ホットドリンクが匂わせになる理由

この原稿を書いているのは残暑厳しい八月下旬ですが、掲載されるのは九月! 秋の気配が近付き、日によっては肌寒さが感じられる季節です。八月まではノースリーブで過ごしていた人も、九月に入り半袖どころか長袖で過ごす機会も増えていることでしょう。

この肌寒さを利用するのです。LINEであれば「急に肌寒くなったねー」「人肌恋しい季節ってやつだね」「お部屋でホットココア飲んでいるよ」と、ホットココアを欲するほど人肌恋しくなっている旨、アピールしましょう。

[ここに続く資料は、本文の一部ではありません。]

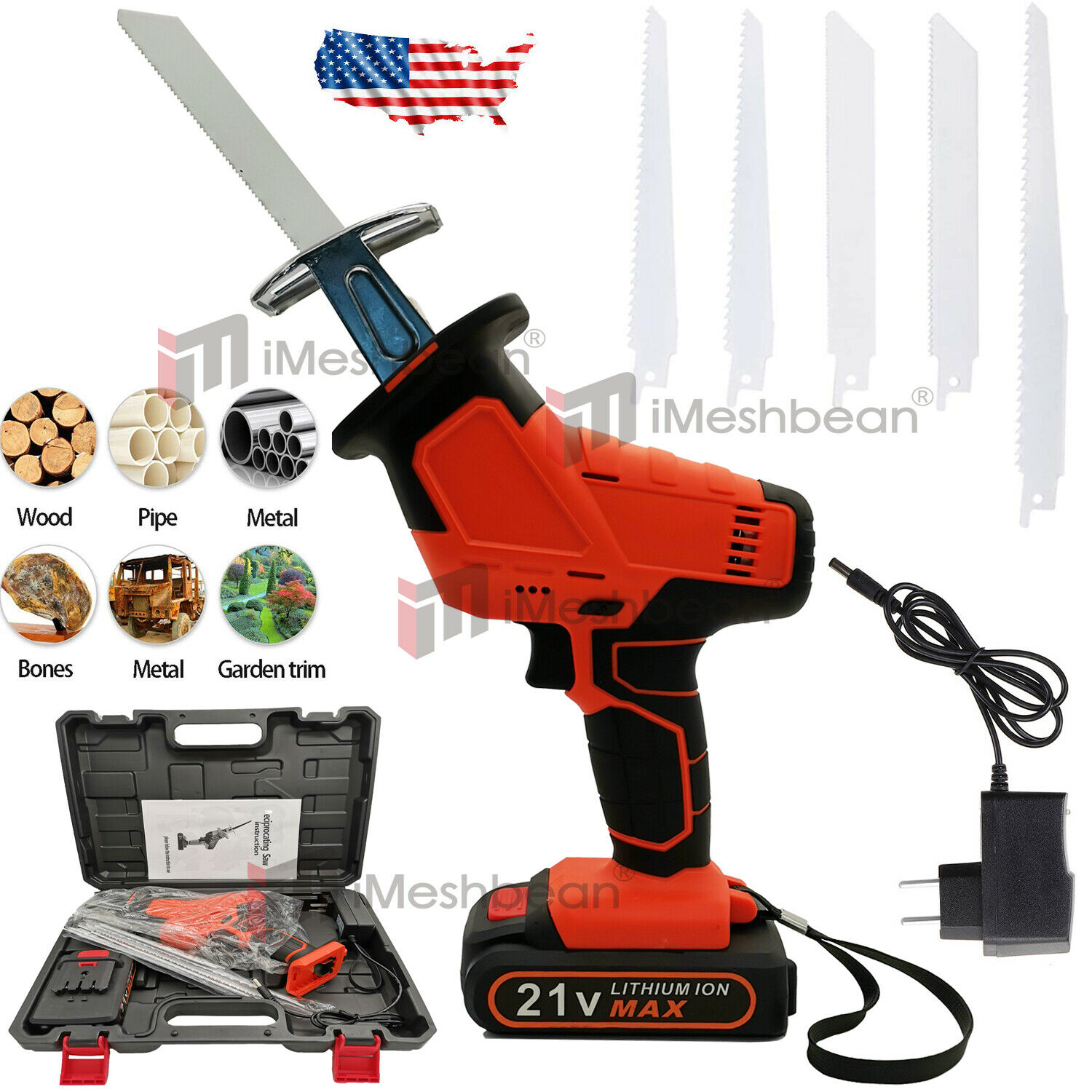iMeshbean 21V Cordless Reciprocating Saw + Battery & Charger Recip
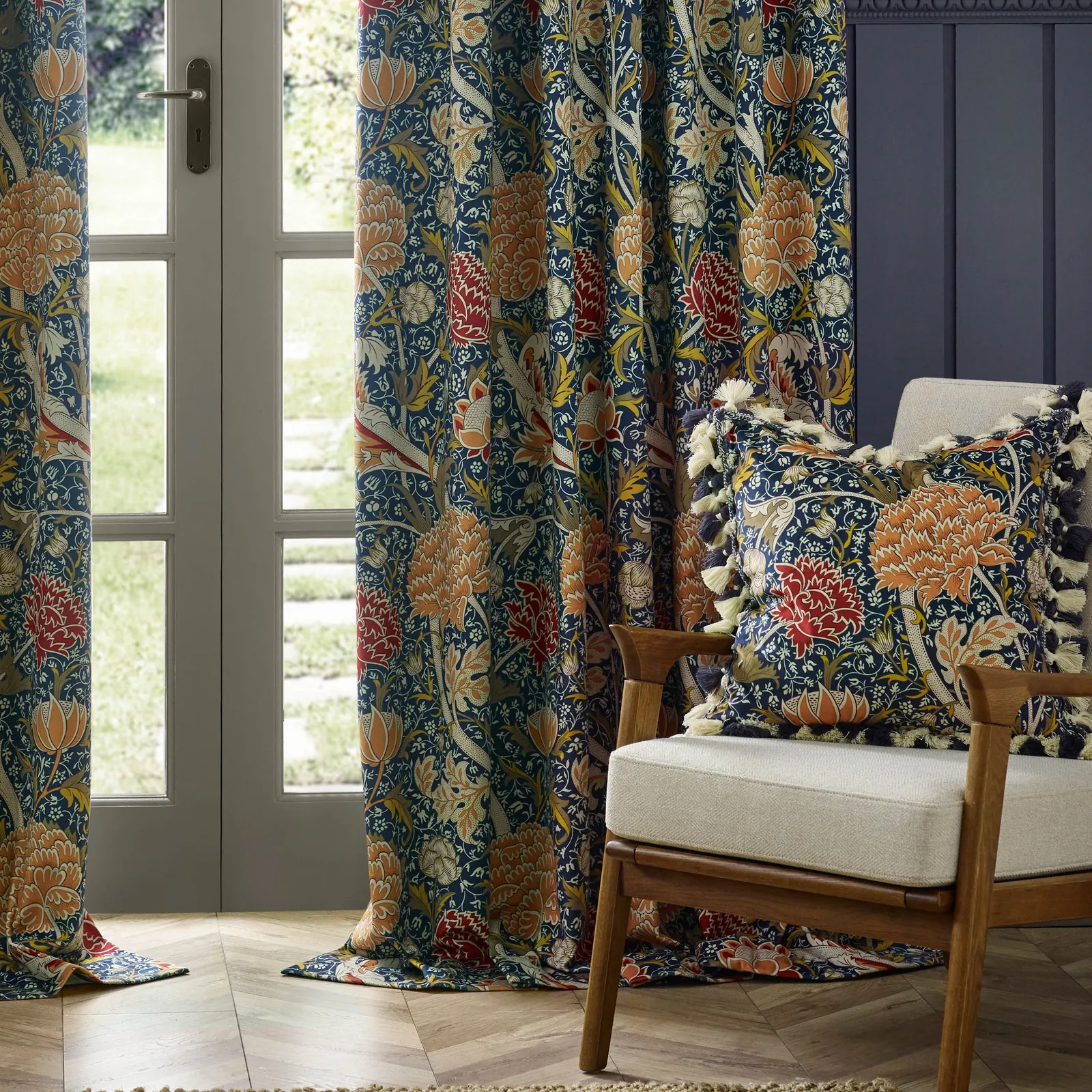 Morris & Co Cray Floral Velvet Room Darkening Pencil Pleat Curtains in Indigo 4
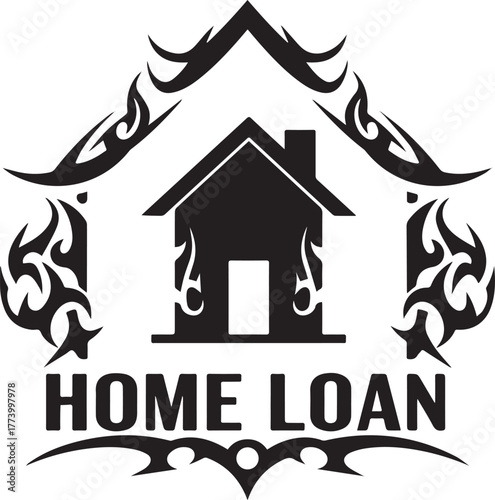 Stylized Home Loan Icon with Tribal Tattoo Elements for Financia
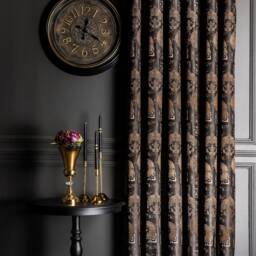 Luxury Damask Curtain Panel Black & Bronze Patterned Drape - thumbnail 2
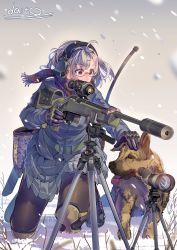 Rule 34 | 1girl, absurdres, artist name, bolt action, daito, dog, glasses, gloves, gun, headpat, headphones, highres, knee pads, long hair, long sleeves, military, military uniform, original, pantyhose, remington model 700, rifle, scarf, scope, short hair, skirt, sniper rifle, snow, snowing, spotting scope, suppressor, tactical clothes, tongue, tongue out, trigger discipline, tripod, uniform, weapon, wind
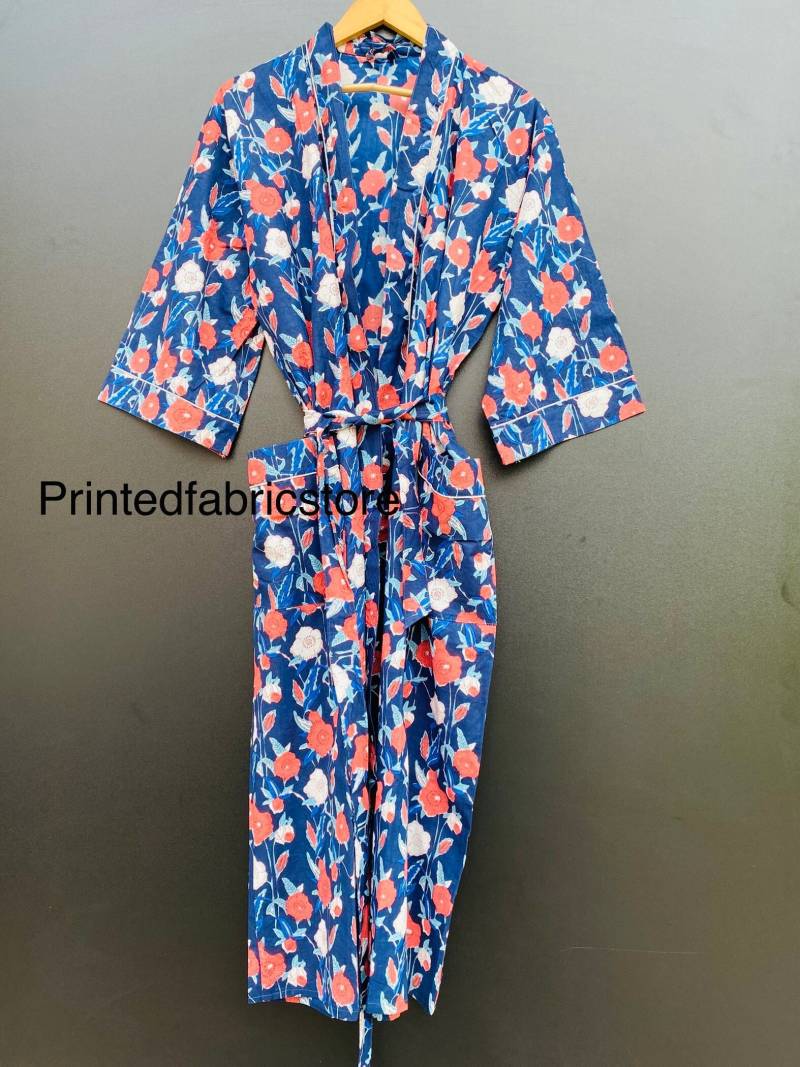 Baumwolle Kimono Roben, Anokhi Print Kimono, Weiches Und Bequemes Bademäntel Wickelkleid, Hausmantel Robe, Frauen Männer Geschenk von PrintedfabricStore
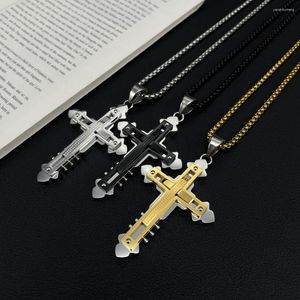 Chains Mens Fashion Cross Pendant Stainless Steel Necklace In Men's Necklaces By Ursteel Rolo Chain 3mm 24inch Silver Gold Black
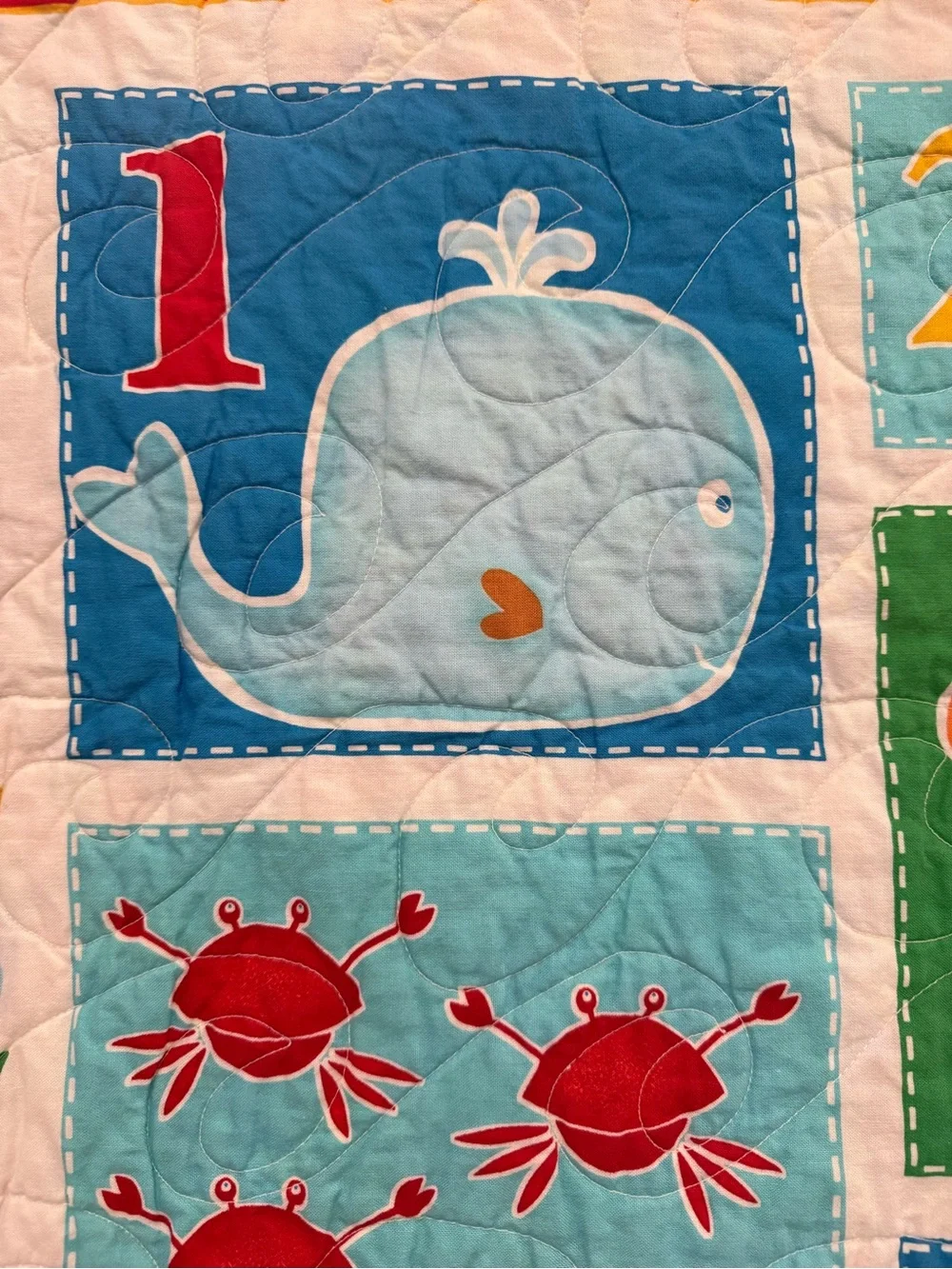 Kids Ocean Numbers Play Quilt - Multicolor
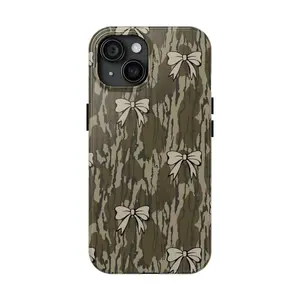Coquette Camo Bow Phone Case – Trendy Cute Camouflage Cover for Girls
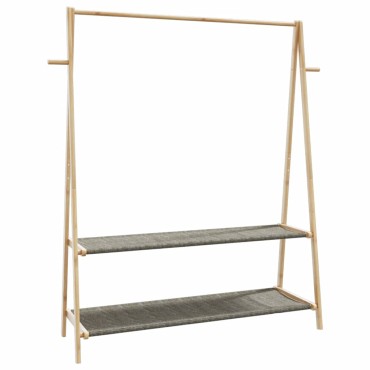 vidaXL Κρεμάστρα Ρούχων με Ράφια 132x45,5x150,5 εκ. Μπαμπού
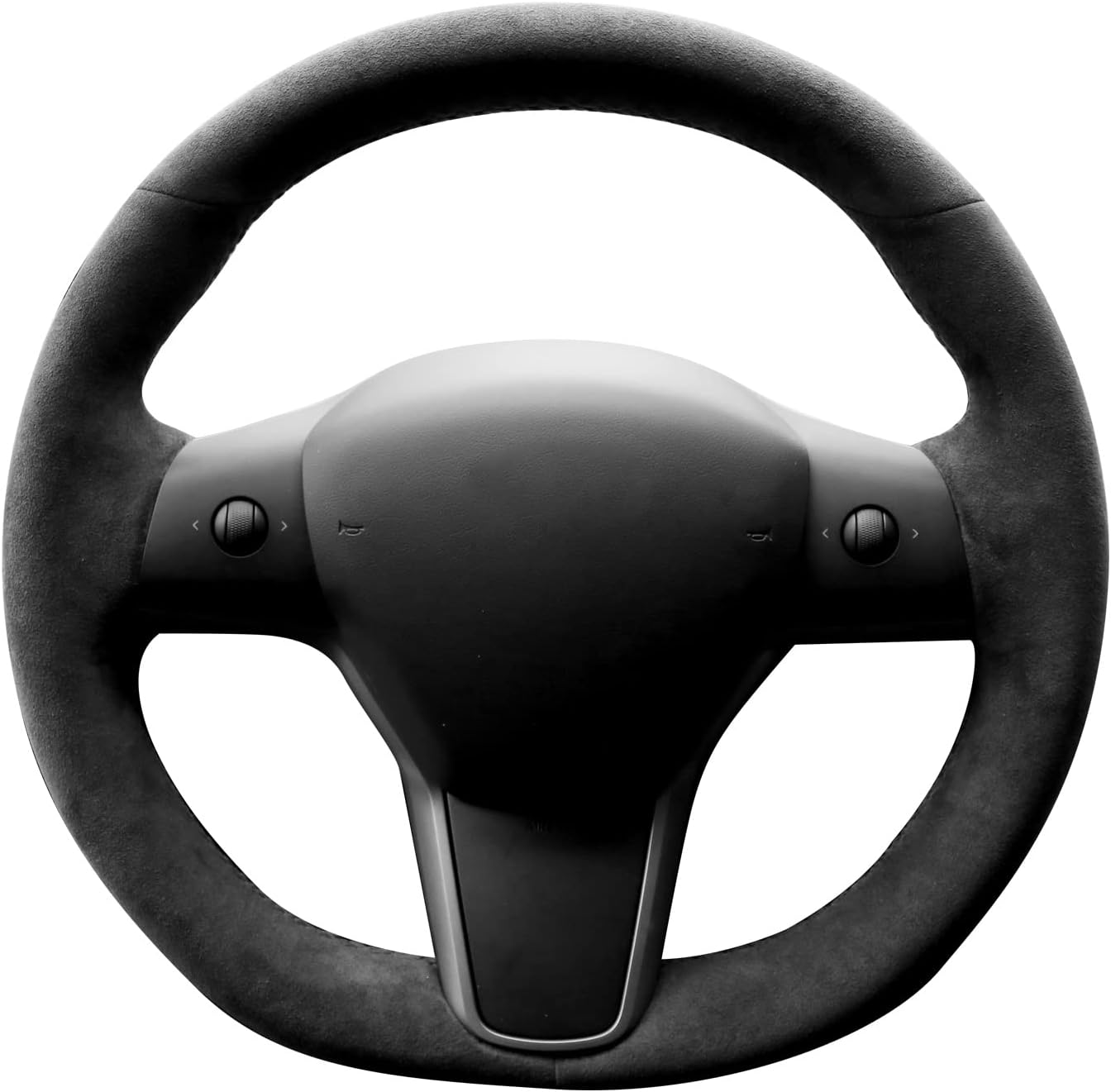 Alfanxi Car Accessories Alcantara Material Steering Wheel Cover&Door Panel&Key Covers&Holders Compatible with Tesla Model 3/Y/S (A3:Segmented Steering Wheel Cover)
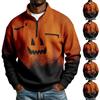 Men's Long Sleeve Sweatshirt with Halloween Print for Costume Party and Casual Wear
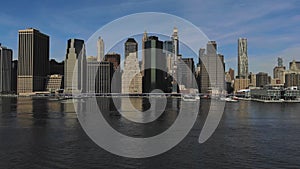 Beautiful America of aerial view on New York City Manhattan skyline panorama with skyscrapers over Hudson River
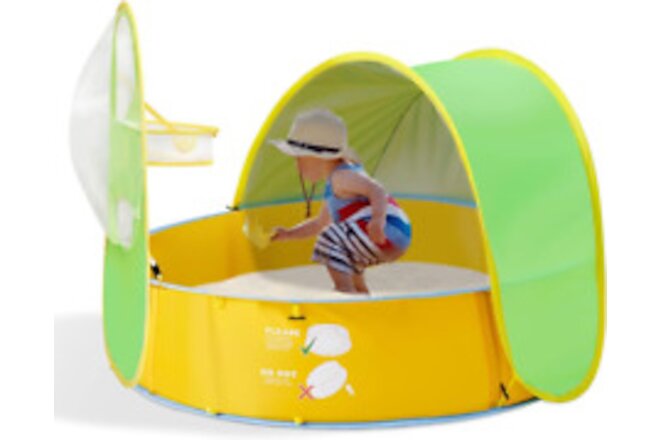 Baby Beach Tent, 50+ UPF Pop up Pool Tent Sun Shelter, Kids Ball Pit Tent Bab...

デート時も同様です。店員さんに「お飲み物は?」と尋ねられたら、コーヒーであろうと紅茶であろうと「ホット」をオーダーしましょう。「ついこないだまではアイスコーヒーばっかりだったんだけどね」「急に肌寒くなったよね」「人肌恋しい季節ってやつだね」と、同じくホットドリンクで人肌恋しくなっている旨、アピールしてください。

「人肌恋しい」というキーワードを聞けば、大半の男性は「ベッドの中で熱い行為をして温まりたいのだな!」と気付くはず。これだけでも充分に伝わるはずですが、念には念を入れたいので、さらに! 来月が十月……つまり人事異動の時期であることを利用しましょう。

人事異動ということは…?

「○○君は異動ってありそう?」という質問から、異動があろうとなかろうと「仕事が忙しかろう」「疲れているだろう」という流れに持ち込むのです。異動があれば「栄転だね」「引き継ぎで忙しかろう」、異動がなければ「今の部署に必要不可欠な存在」「これまでもこれからも忙しかろう」ってことで。

忙しいと、身体に疲労が蓄積します。疲労が蓄積した身体は、マッサージを欲します。そこで魔法の言葉、「私、マッサージ得意だよ」です。マッサージは、言うまでもなく身体に触れる行為。「俺の身体に触れたいのだな」「肩や背中だけでなく股間のマッサージも含んでいるのだな」と気付くはず。

これにて、東京ラブストーリー世代でなくとも、またイエスノー枕に頼らずとも、ヤリたい気持ちを匂わせることができるでしょう。